| Dataset section |
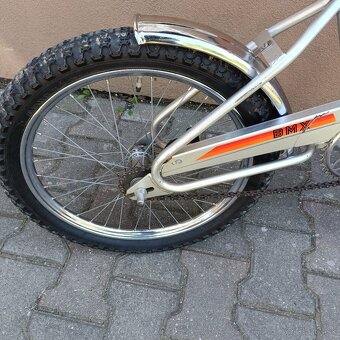 Starý bicykel BMX - 2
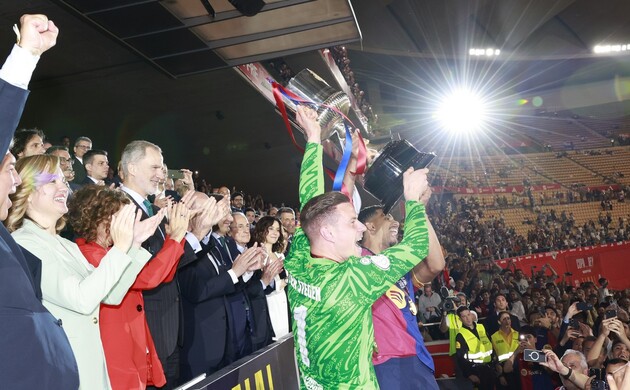 Los capitánes del FC Barcelona, Marc-André ter Stegen y Ronald Araujo, celebran la consecución del título en presencia de Su Majestad el Rey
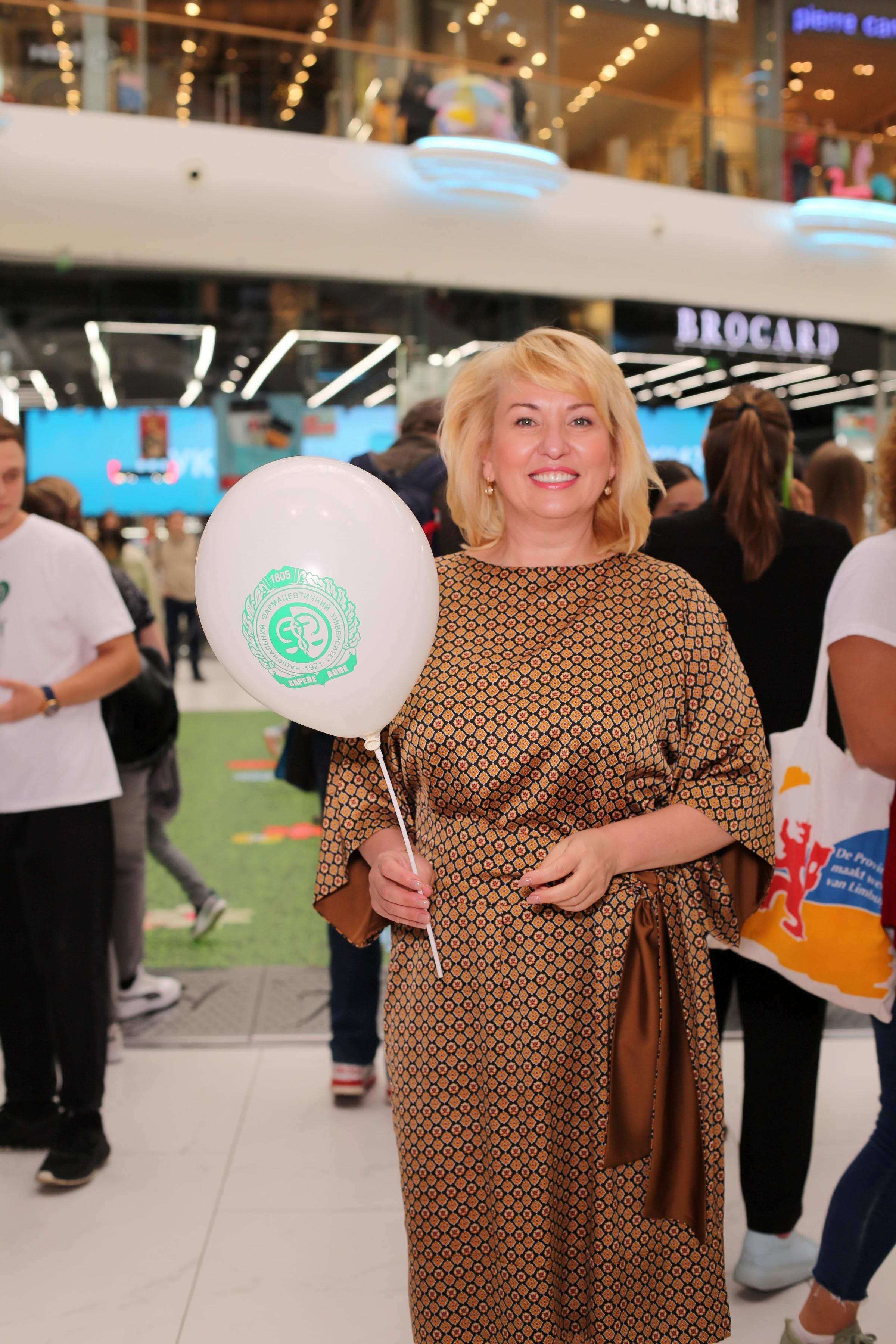 911 для НФАУ. Аренды интерактивных фотозон в Харькове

| Your goal |
Repeat the listing exactly, pictures excluded.

| Written solution |
 Starý bicykel BMX - 2
 Los capitánes del FC Barcelona, Marc-André ter Stegen y Ronald Araujo, celebran la consecución del título en presencia de Su Majestad el Rey
 911 для НФАУ. Аренды интерактивных фотозон в Харькове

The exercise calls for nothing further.